__Assigned task__:
Retype, word for word, every line starting at the line with "結婚式 アクセサリー リボンモチーフ ハートドロップ ネックレス" and ending with the final line of the entries; skip the pictures.
--- Supplied records ---
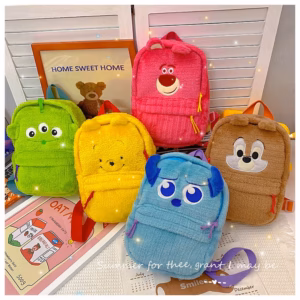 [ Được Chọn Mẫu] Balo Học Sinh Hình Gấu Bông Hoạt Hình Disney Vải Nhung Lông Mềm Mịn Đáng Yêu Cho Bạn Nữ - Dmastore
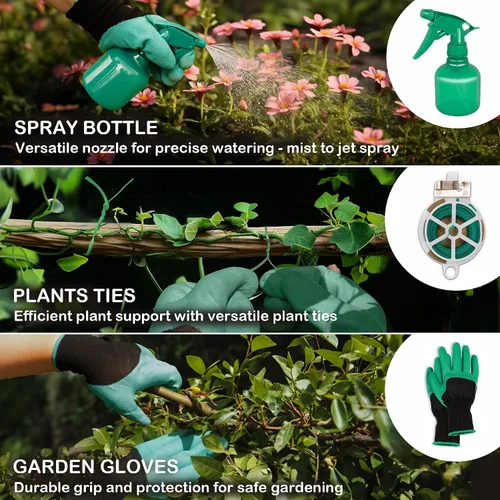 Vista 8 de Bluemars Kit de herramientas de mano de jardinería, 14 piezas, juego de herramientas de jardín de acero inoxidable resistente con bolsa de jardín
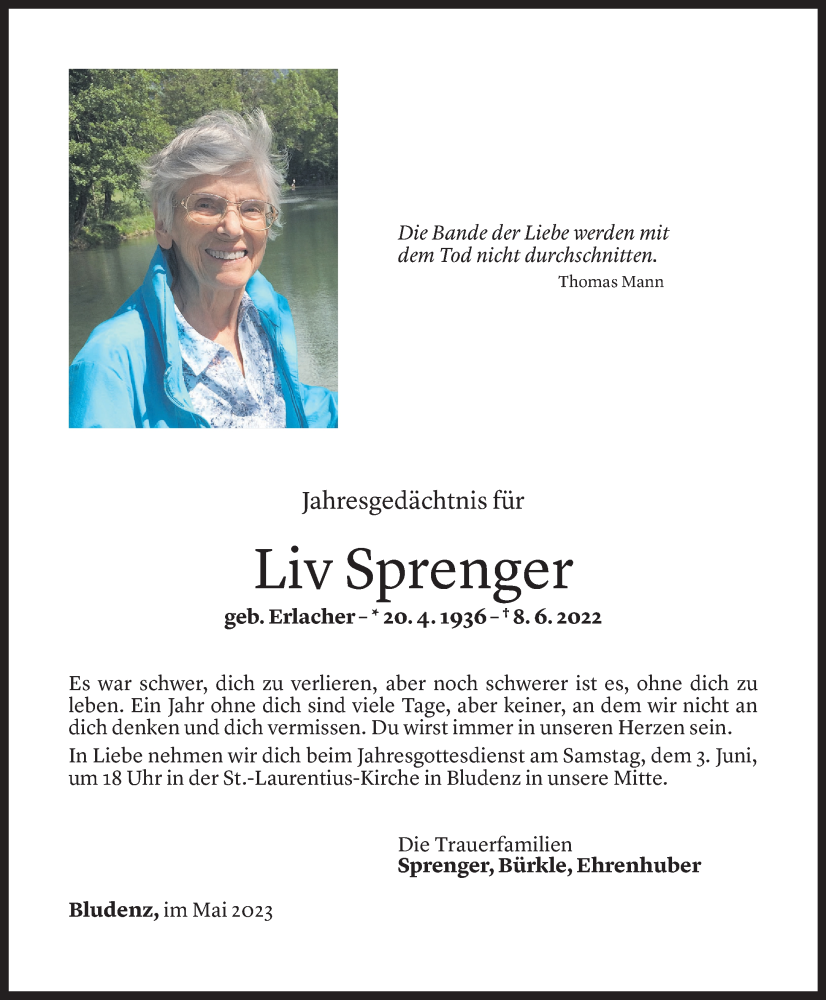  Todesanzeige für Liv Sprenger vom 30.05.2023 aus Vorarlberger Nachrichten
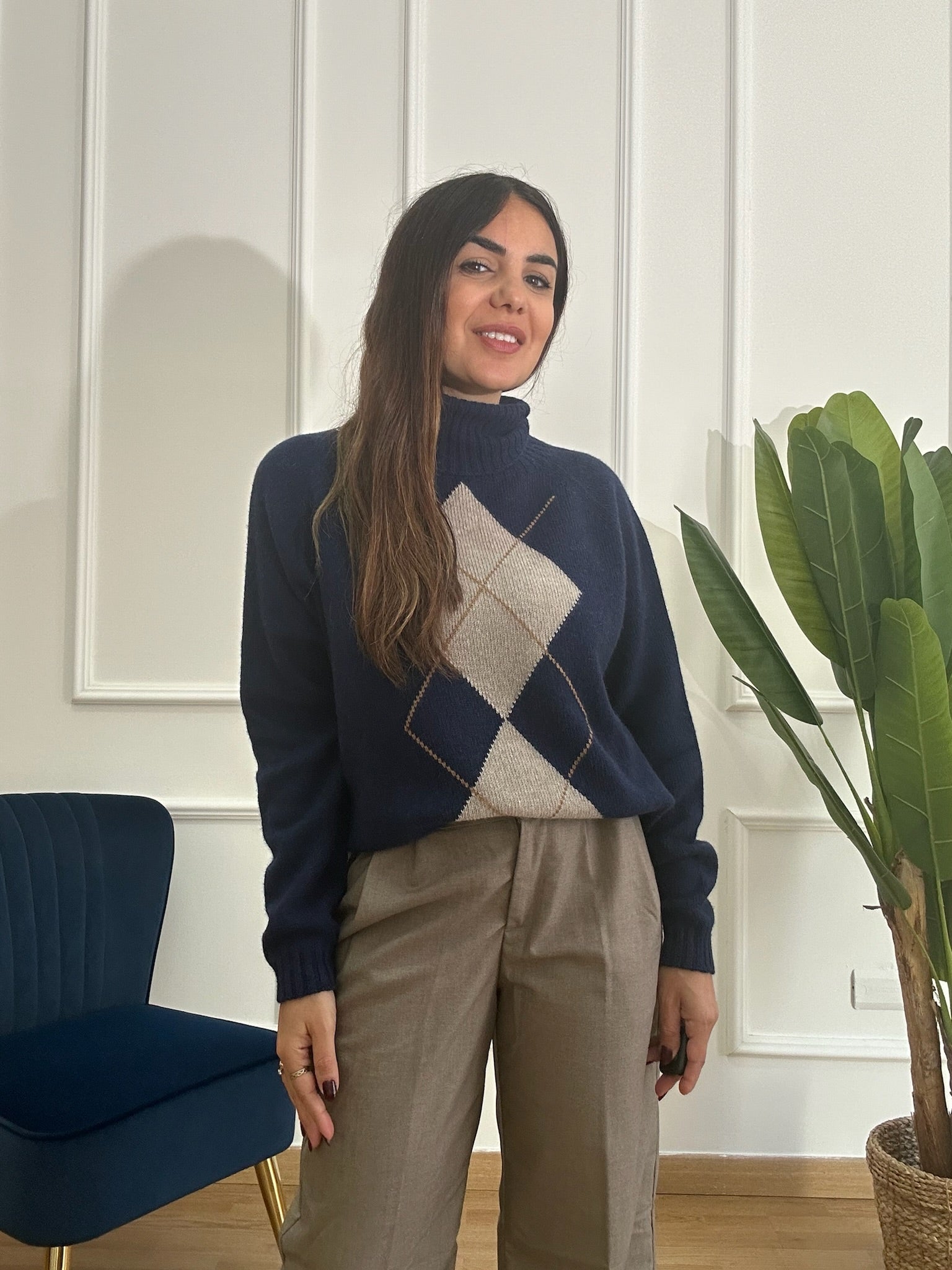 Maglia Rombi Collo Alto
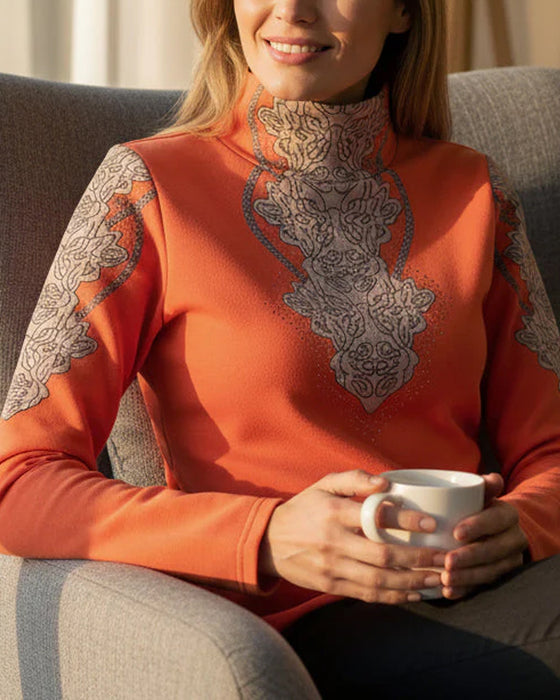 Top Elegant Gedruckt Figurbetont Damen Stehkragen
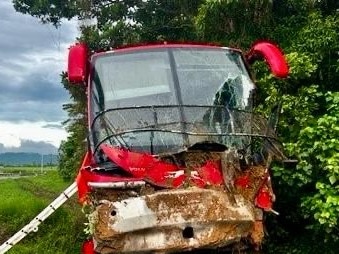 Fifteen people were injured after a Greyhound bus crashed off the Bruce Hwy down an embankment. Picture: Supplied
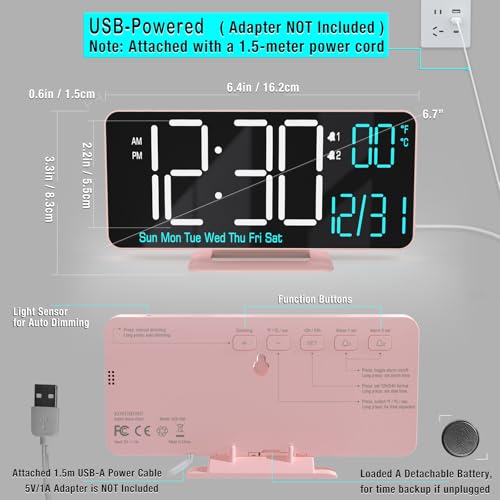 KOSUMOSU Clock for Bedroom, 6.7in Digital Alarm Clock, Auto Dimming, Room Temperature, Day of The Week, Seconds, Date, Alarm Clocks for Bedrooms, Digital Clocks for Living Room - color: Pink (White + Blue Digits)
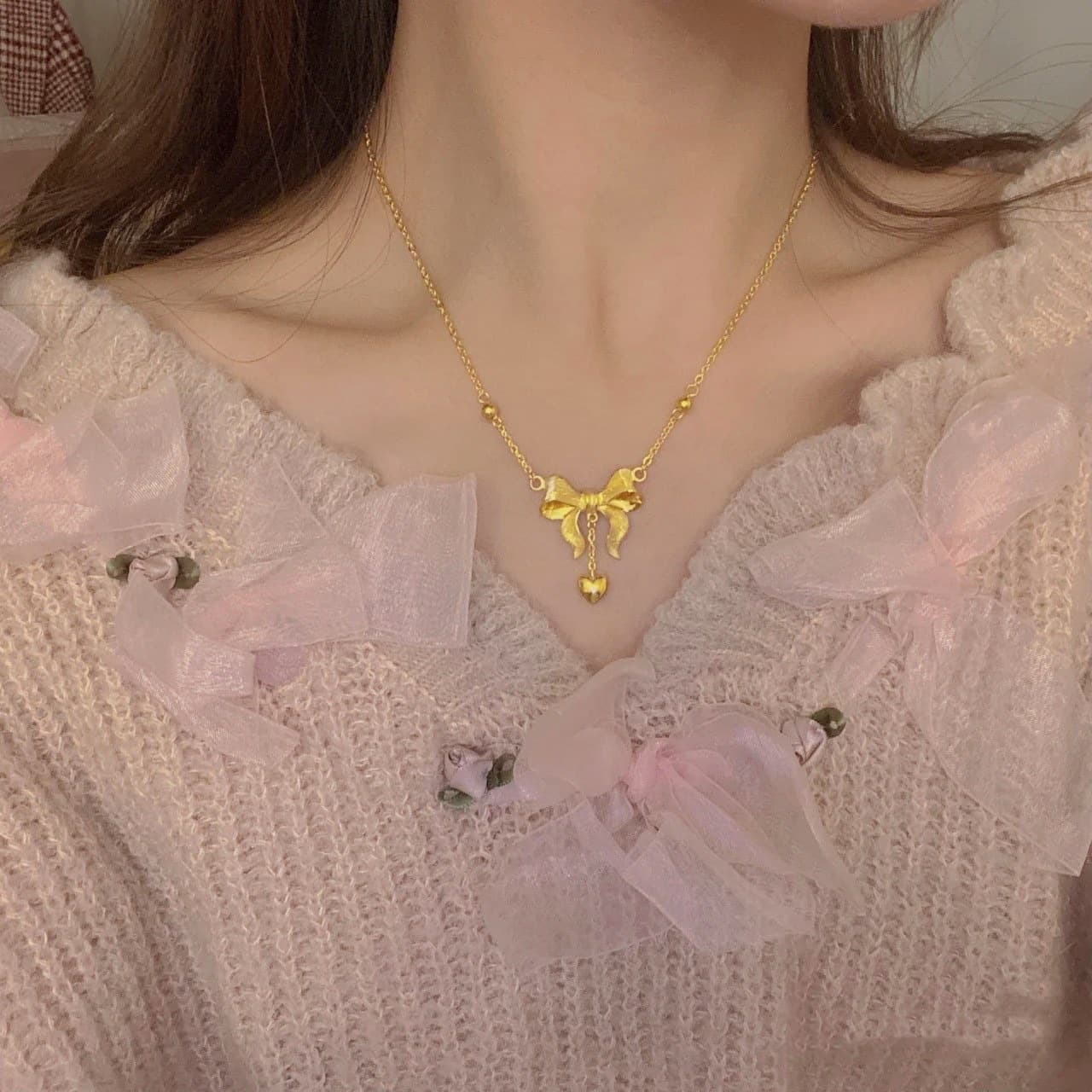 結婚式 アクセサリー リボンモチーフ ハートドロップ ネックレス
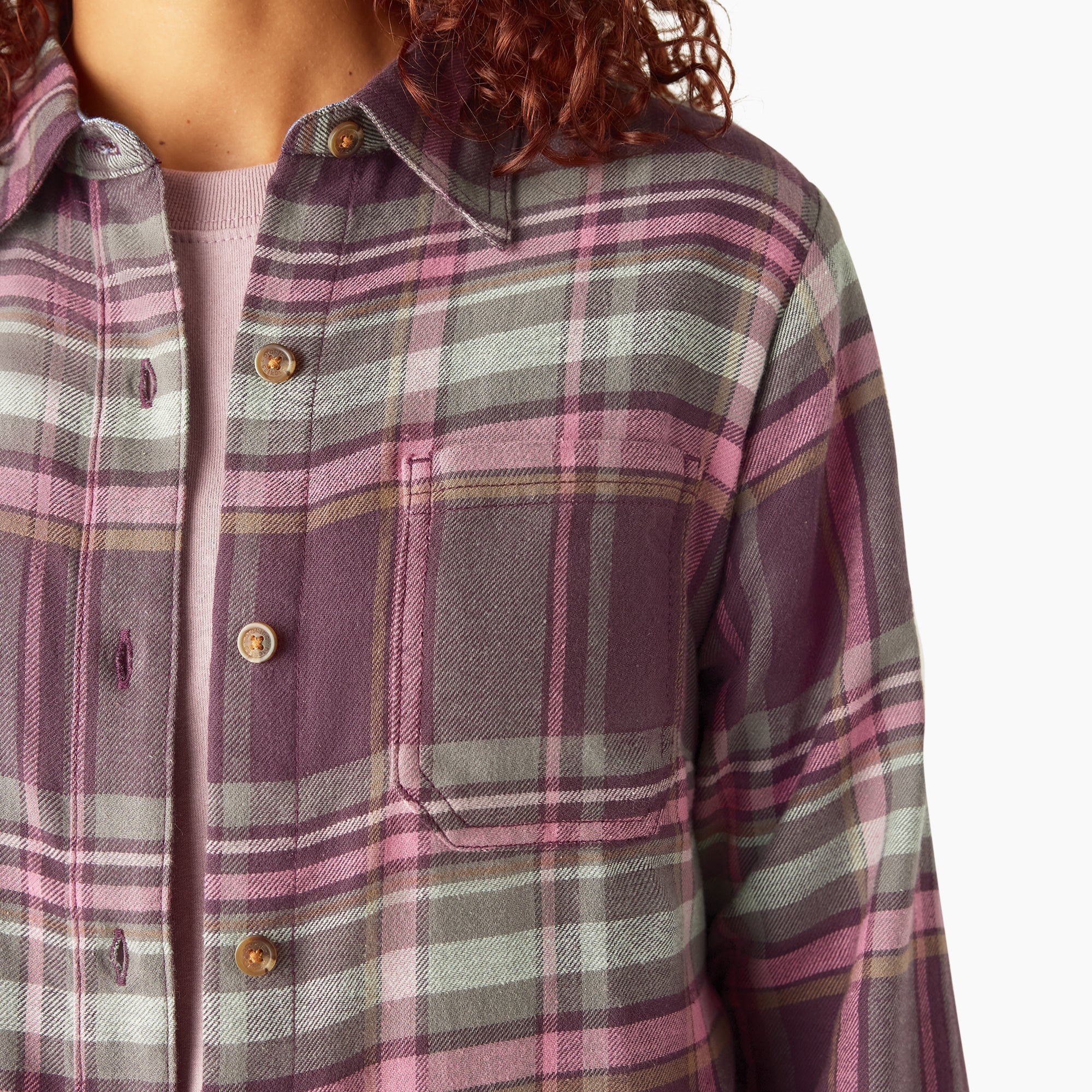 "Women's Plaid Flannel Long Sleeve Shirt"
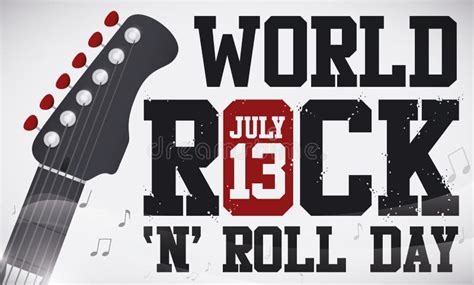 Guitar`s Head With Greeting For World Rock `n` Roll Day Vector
---
__Solution below__:
 結婚式 アクセサリー リボンモチーフ ハートドロップ ネックレス
 "Women's Plaid Flannel Long Sleeve Shirt"
 Guitar`s Head With Greeting For World Rock `n` Roll Day Vector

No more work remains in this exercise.